E le è stata ritirata la delega in quel momento?
«Non proprio. Prima ho dato dei pagliacci a tutta la maggioranza incapace di opporsi alle richieste assurde che arrivavano dal sindaco. A quel punto sono stato mandato via dalla giunta. Custodisco ancora la lettera delle revoca: motivazioni ridicole».
Però lei era già critico nei confronti del primo mandato Alessandrini. Perché decise di entrare nella sua squadra allora?
«Fui spinto dal partito. Zanoli per primo mi disse che dovevo fare l’assessore visto il risultato personale che avevo ottenuto alle urne. E il direttivo regionale a sua volta fece pressione e mi convinse. Chiaro che un po’ di ambizione a quel punto è emersa. Comunque resta un’esperienza positiva che andava fatta. Le condizioni c’erano».
Da ex assessore al commercio, di cosa necessita questo settore?
«Deve completamente cambiare marcia. Bisogna rispettare chi paga le tasse e andare a capire le problematiche di certe aziende. Nell’ultimo biennio sono arrivate sul territorio una decina di piccole-medie imprese. Ebbene i segratesi che vi hanno trovato un posto di lavoro sono solo il 20 per cento rispetto alla disponibilità che c’era. Così non va bene per niente, l’amministrazione comunale deve interagire in modo diretto con queste aziende».
Sull’albo pretorio avete pubblicato il vostro programma in una paginetta e mezza. Come mai?
«C’è stato un disguido. Avevamo creduto che servisse solo un sunto. Presto pubblicheremo 12mila copie del nostro programma dettagliato e lo porteremo in tutte le caselle dei segratesi».
Mi racconta tre punti principali del suo programma?
«Innanzitutto chiunque intenda stabilire un’azienda sul nostro territorio deve parlare con l’amministrazione, dire quanti posti di lavoro servono e minimo l’80 per cento deve essere a disposizione dei segratesi. Altrimenti non se ne fa nulla».
Il secondo?
«La sicurezza. Non abbiamo una rete di controllo efficace. Ci sono periodi dell’anno in cui alcuni punti isolati della città sono letteralmente presi d’assalto. Intere vie svaligiate. Dobbiamo mettere giù una programmazione seria su come difenderci».
E infine il terzo...
«Il lavoro, problema primario di tutti, inteso come riavvicinare le aziende all’amministrazione. Se serve personale specializzato possono rivolgersi al nostro sportello del lavoro prima che alle azienda interinali. E poi prendere i nostri ragazzi che magari non hanno voglia di studiare e insegnare loro un lavoro creando corsi professionali. Ho già avuto incontri con il Capac, il politecnico del commercio e del turismo dove esiste una vecchia scuola di arti e mestieri per iniziare una collaborazione. Infine si devono abbassare i costi alle aziende che in questi anni l’amministrazione ha alzato anche del 50 per cento».

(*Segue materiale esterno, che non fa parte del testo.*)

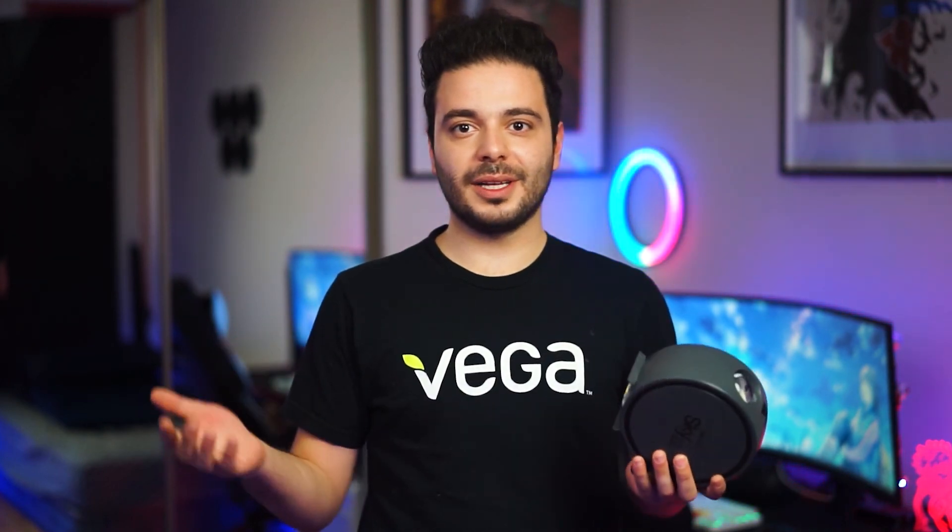Anyway, hope you guys enjoyed this video. Please give a thumbs up, consider subscribing, and let me know in the comment section: which do you think looks better — the RGB strips or the Galaxy Projector? Thank you for watching.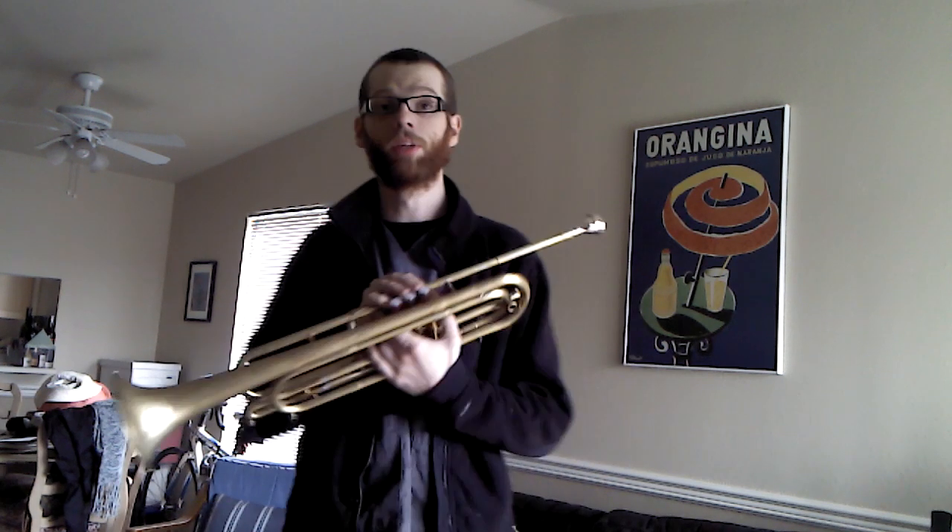This is a side and sound comparison between the bass trumpet.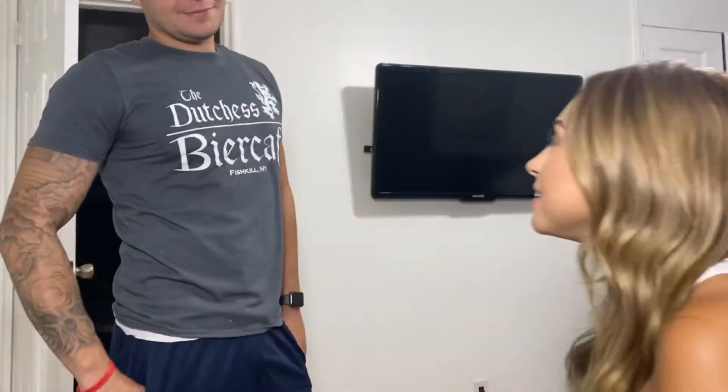I asked my partner to rate the foundation 1 to 10. He said it looks about the same as normal and gave it a solid 10. He said I look the same as I usually do, so I guess it looks like normal — I got his approval! Overall I'd say it's a good foundation, I would definitely wear it again and I would recommend it.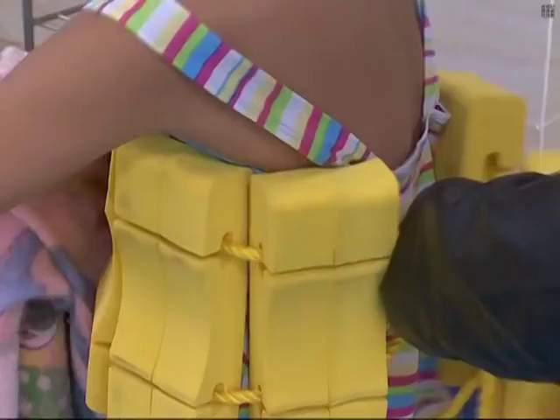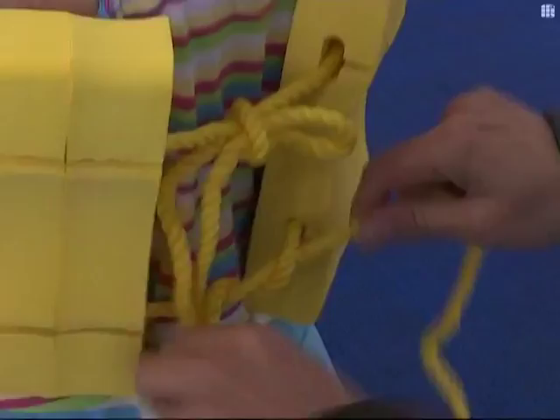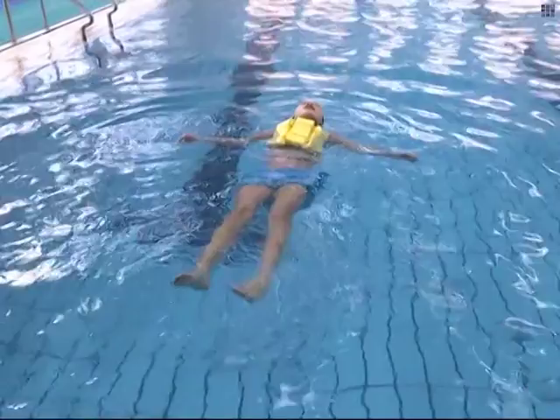The buoys can be disassembled piece by piece, allowing learners to slowly reduce their reliance on the device and learn how to float and swim on their own. As people make progress, they can take apart the buoys one piece at a time until they are able to swim freely.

Chi troveremo come candidati al consiglio comunale nella sua lista?
«Saranno professionisti, commercianti ed amici alla loro prima esperienza politica. Gente che crede nelle mie idee, che ha visto quanto ho fatto e che mi vuole sostenere».
Quale obiettivo vi siete posti?
«Siamo come Davide contro Golia, lo sappiamo. Siccome, però, le nostre idee e i nostri principi sono sani, ci proviamo.Vediamo cosa uscirà dalle urne e confidiamo nelle stelle. Quello che posso dire è che noi siamo diversi da tutti. Non assomigliamo ai portavoce di partito che siamo abituati a vedere. Persone che ci dicono come risolvere un problema che loro stessi hanno creato».

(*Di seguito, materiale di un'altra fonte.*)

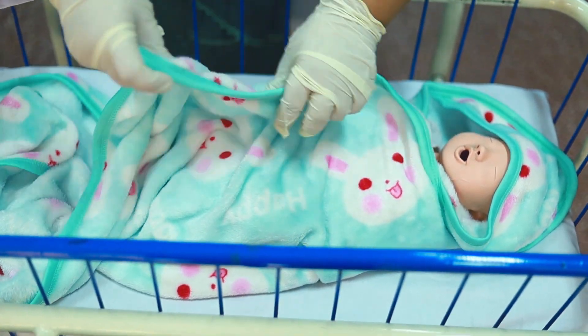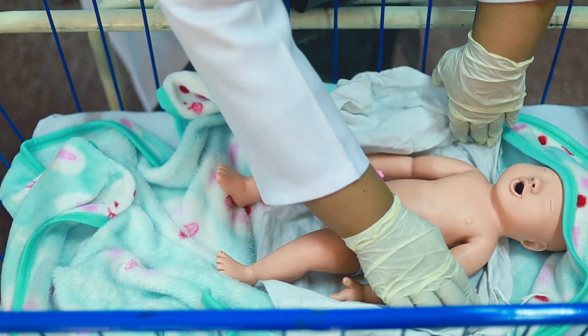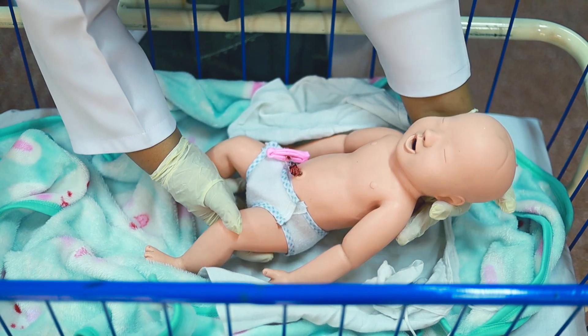Unwrap the baby, remove the baby's clothing, remove all the clothes, handle gently and support with your hand.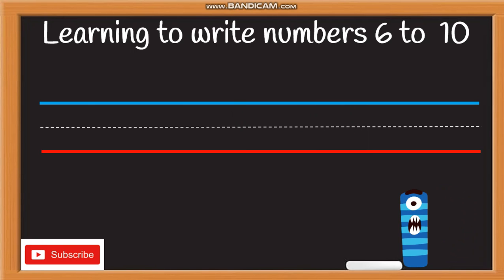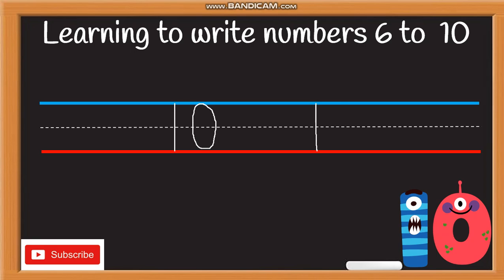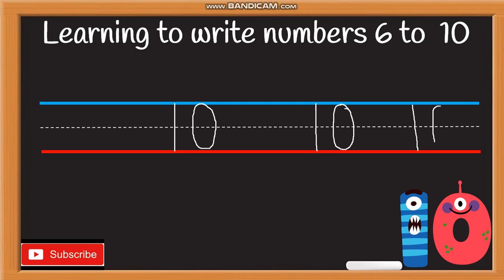Number ten — it's super easy! Remember your number one: one straight down. Then a circle — go round to the bottom, round and round all the way round. One straight down, and a circle through the left, all the way round to the top. Well done! One more time — one, then a circle through the left, all the way round to the bottom and to the top.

Se si andasse al ballottaggio come vi ponereste?
«Se succederà l’imprevedibile e le stelle ci daranno ragione posso dire che decideremo noi con chi fare alleanze e non viceversa».
E se voi sarete fuori dai giochi?
«Riunirò il mio gruppo e parlerò con loro per capire che intenzioni hanno e democraticamente decideremo. Certamente daremo una dichiarazione di voto».